Project Details
Projekt Print View

Geometry optimization of large molecules with quantum Monte Carlo

Applicant Dr. Jonas Feldt
Subject Area Theoretical Chemistry: Electronic Structure, Dynamics, Simulation
Term from 2018 to 2021
Project identifier Deutsche Forschungsgemeinschaft (DFG) - Project number 414171116
 
Final Report Year 2022

Final Report Abstract

We developed methods for Quantum Monte Carlo (QMC) simulations by (1) reducing the bias for the computation of excited states and their properties and improving the efficiency of QMC calculations by reducing (2) the scaling with the atomic number Z and (3) the scaling with the number of particles N. (1) The choice of the wave function affects the accuracy of the final results, however, constructing wave functions for multiple electronic states can be biased because they are described with varying accuracy.
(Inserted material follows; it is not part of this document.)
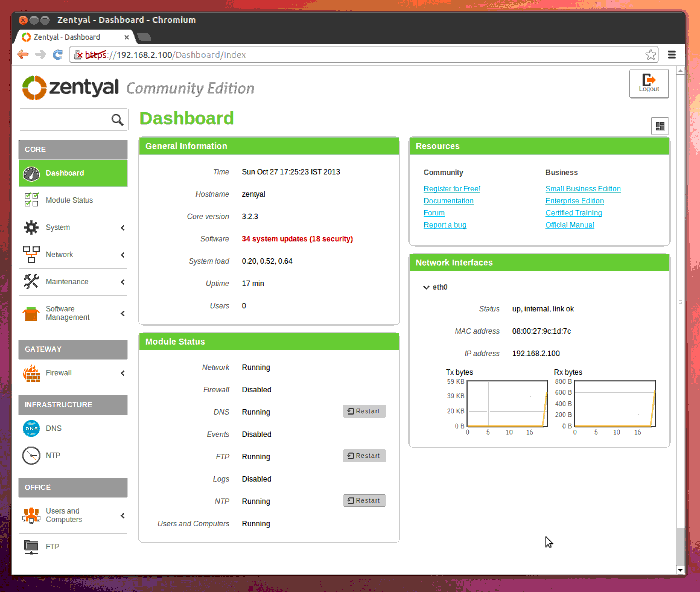 Panel Zentyal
We developed an automatic approach which constructs compact wave functions while monitoring and matching at the same time the accuracy of each electronic state in order to obtain a balanced description. (2) The core electrons lead to a double penalty for the computational cost of QMC simulations. They require very small time steps as they move in a small area close to the nuclei and they contribute to most of the variance. This leads to a very unfavourable scaling with the atomic number Z and, therefore, empirical effective core potentials are widely used. They are computationally cheap but the associated error cannot be easily judged. We developed an improved estimator which almost completely removes the numerical cost of the core electrons by exploiting that core regions located at different atoms are physically independent. This approach allows us to adjust the simulation optimally to the different scales which are encountered and sample the core electrons with many small steps and the valence electrons with few large ones. This approach reduces the scaling with Z. (3) We were able to generalize the core subsampling approach to a framework for Monte Carlo simulations by partitioning the system into fragments and subsampling each fragment. For extensive observables this reduces the numerical scaling with the number of particles N by O(N ) to O(N^2 ). This approach is exact and does not introduce any approximations. We demonstrated that this approach is even useful for metallic systems far from the separability limit. Additionally, the framework provides a useful tool for analysing the correlation between fragments.